Tender pond plants (such as Eichhornia, the water hyacinth) that are lifted in autumn for storing indoors should be inspected regularly. Sometimes, misting over the tops of the plants is all that they require; otherwise, water them.

 Many people stop feeding fish in winter, while others believe that if the weather is mild and the fish are active, their reserves will be depleted if they do not eat. If the fish are swimming close to the surface, it is a good idea to offer them a sprinkling of food. If they take it they can have a little more; if they decline, then stop.

Late winter

 If you are thinking about making a new pond, or reshaping or enlarging an existing one, this is a good time to do it. If the work is completed now, you will be able to start planting, and introducing fish in about six weeks, which will bring you nicely into the early to mid-spring season.

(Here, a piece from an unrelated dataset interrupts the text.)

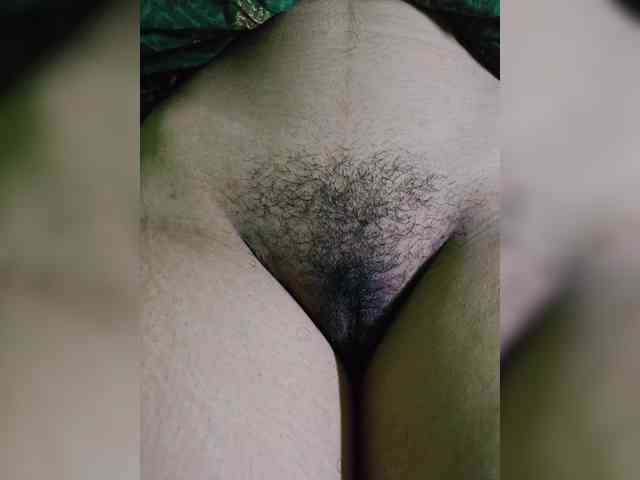 AadhyaLove webcam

This is the time of year when frogs are mating — and there will be an abundance of frog spawn and tadpoles in your pond as a result. It is important to ensure that any frogs, toads and newts can leave the pond when they need to. Make sure there is a small ramp which these creatures can use to escape.

Spring Pond Plant Maintenance Guide

Early spring

Remove pond algae as and when you see it. It will only flourish if left unchecked. Also, decaying vegetation will pollute the water and harm the fish.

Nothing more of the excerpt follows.